In a post published shortly after the event, Mullenweg laid an even more ambitious plan:

“Migrating your site to WordPress, or exporting all your content from WordPress, should be possible in one click. I want WordPress’ export format to become the lingua franca of CMSes, whether coming to WordPress or moving within WordPress.

[…] it should be more than plugins; workflows, tutorials, and helper scripts should be shared, too. I want this resource to have space to include moving from social networks, moving from a page builder to core blocks, switching from classic to blocks, and improving WordPress current canonical plugins for importing.”

We’ve Only Just Begun

There’s a lot of work: the guides on the Data Liberation website are mostly outlines, waiting for contributors to materialize the team’s good intentions. The recently updated Importing Content guide on the WordPress Developer Resources website includes obsolete services and links.

Navigate to Tools > Import, and you’ll get a similar blast from the past looking at the importing tools on offer: Blogger, LiveJournal, Movable Type and TypePad. If you have a website hosted on WordPress.com, you’ll get support for a handful of contemporary platforms, including Medium, Squarespace, Substack, and Wix.

Contributors made a little spring clean in 2021, moving the code of these and other somewhat relevant importers from SVN to GitHub, where it’s easier to maintain. But that’s barely scratching the surface.

What’s needed now is traction.

Calling All Hosting Companies

In a post titled Data Liberation Next Steps, project leader Jordan Gillman introduced a few high-level paths forward:

There are still no concrete timelines and not everybody in the community is thrilled, but we decided to reach out to Gillman to get some more answers.

What’s the current status of the project?
“There’s been a conversation about how to approach data liberation across teams. I’m hoping to bring those conversations together to brainstorm and more concretely plan what the project actually looks like.

Broadly speaking, the response has been really positive. However, getting buy-in from plugin developers and other stakeholders will continue to be a priority for this project. The first initial challenge is one of coordination; this is going to be a collaborative project (by design), which means drawing folks and companies together to define the path forward.

I’ll be at WordCamp Asia next week, and look forward to chatting with folks in person!”

Are there plans to collaborate with other online platforms (open source or commercial) to promote this initiative and make it a reality? I imagine a utopian scenario where WordPress leadership sits down with major players in the industry to create a standard—something along the lines of the efforts made in the case of the EU’s Cyber Resilience Act.
“Data Liberation could be an opportunity to lead by example. And since WordPress is doing this publicly, anyone can share updates about this work. That really means that how we go about this project today needs to be with that broader picture in mind.”

Have you considered starting with a universal content migration solution instead of the more ambitious data objective?
“At this stage, the focus is on addressing the goal of migrating sites to WordPress or exporting all content from WordPress in one click, thus simplifying the process of transferring content between platforms.

In terms of ‘universal’ content migration, I think conversations about the WXR Import/Export format are really valuable. I’m also excited about the potential of WordPress Playground, which uses a ZIP file for migrations.

It’s important to note that this is an ongoing project and that these efforts don’t exclude bigger goals related to ‘data.’ They provide a tangible starting point, with small, achievable phases to actively involve contributors in progressing toward our broader goals.”

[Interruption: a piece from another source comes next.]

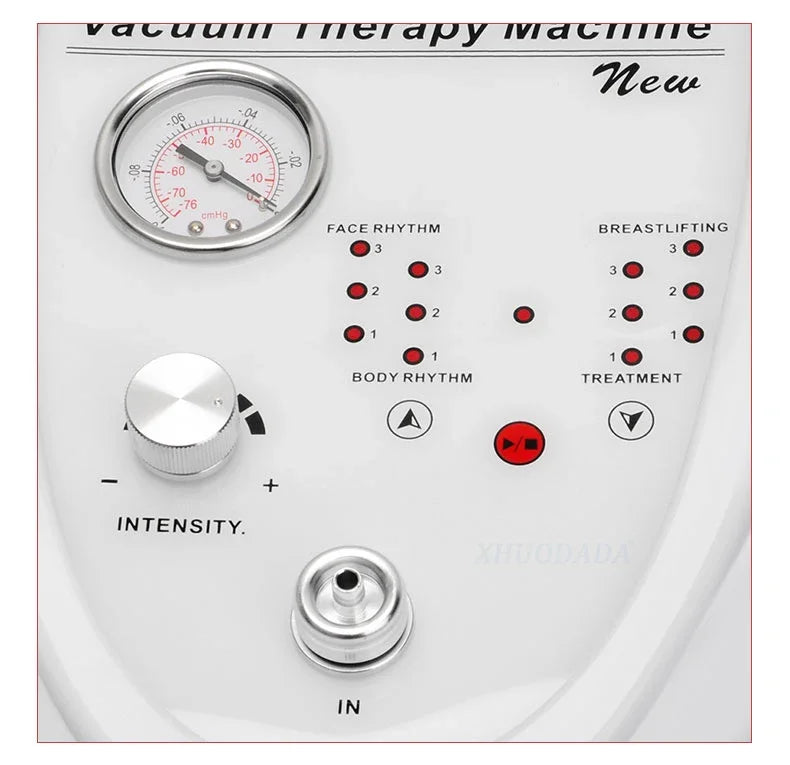 Vacuum Therapy Breast Massager Machine – Lifting & Body Slimming Chest Enlargement Pump Beauty Care Equipment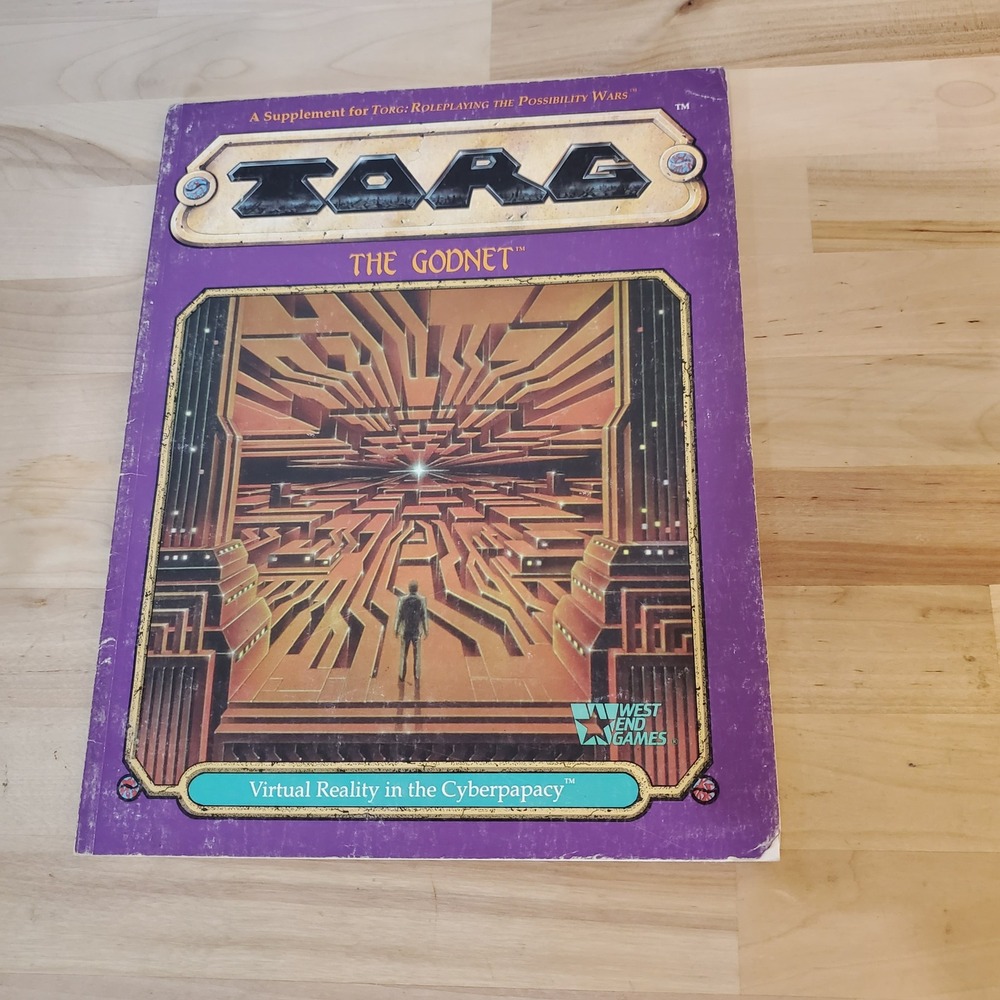 Torg The Godnet Virtual Reality in the Cyberpapacy West End Games 20556 1991 RPG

You ended the post with questions. How would you answer the last two?

  • With such a broad scope, what should be focused on with the highest priority?
    “One thing that I’m particularly excited about is pulling the disparate plugins, guides, and tools and unifying them in an interface to simplify the experience for users in the migration process. A user shouldn’t have to go searching for the right tool (or combination of tools); we should be able to direct them to the appropriate solution, and walk them through the process!”
  • What other voices should be heard on this topic?
    “I hope that this question prompts voices from individuals and groups that I haven’t already thought of. I’m also keen to hear from web hosts. Given their daily management of migrations for customers, I believe they have insights into pain points, popular platforms (and how they could help), and valuable tools and workarounds that could benefit the wider community.”

Radical Ethos

Manton Reece, the creator of Micro.blog, recently wrote about why and how he uses Blog Archive format (.bar), a format he developed in 2017, hoping it would become universal. Apparently, Dave Winer, co-author of the RSS format, had similar ideas.

During the keynote, Mullenweg made clear that more than a technical vision, Data Liberation is an ethical commitment. “Data Liberation is not just about building the tools, it’s about cultivating a community ethos.”

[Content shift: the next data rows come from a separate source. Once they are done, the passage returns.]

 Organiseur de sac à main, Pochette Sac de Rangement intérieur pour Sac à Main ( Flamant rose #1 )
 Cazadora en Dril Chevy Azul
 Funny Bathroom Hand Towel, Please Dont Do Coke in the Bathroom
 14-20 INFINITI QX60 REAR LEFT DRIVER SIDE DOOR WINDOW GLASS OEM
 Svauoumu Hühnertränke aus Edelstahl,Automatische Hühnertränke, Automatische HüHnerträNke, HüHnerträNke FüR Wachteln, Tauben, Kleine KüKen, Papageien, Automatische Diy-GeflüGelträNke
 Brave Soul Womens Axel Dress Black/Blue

Josepha Haden Chomphosy, the Executive Director of the WordPress project, expressed a similar sentiment in her post-event letter:

“There’s an extent to which the idea of owning your content and data online is a radical idea. Securing an open web for the future is, I believe, a net win for the world especially when contrasted to the walled gardens and proprietary systems that pit us all against one another with the purpose of gaining more data to sell.”

Their words echo core contributor Gary Pendergast’s moral obligation to web users from 2021. In a 4-part series, Pendergast draws a neat circle around the open web advocates’ shared visions: he explores the history of a category of tools he calls WordPress Importers, outlines the problems, and eventually shares a solution: An experimental browser extension that exports data from Wix using its API.

“Some services […] don’t allow you to export your own content. Other services provide incomplete or fragmented exports, needlessly forcing stress upon site owners […]

When a CMS actively works against providing such freedom to their community, I would argue that we have an obligation to help that community out.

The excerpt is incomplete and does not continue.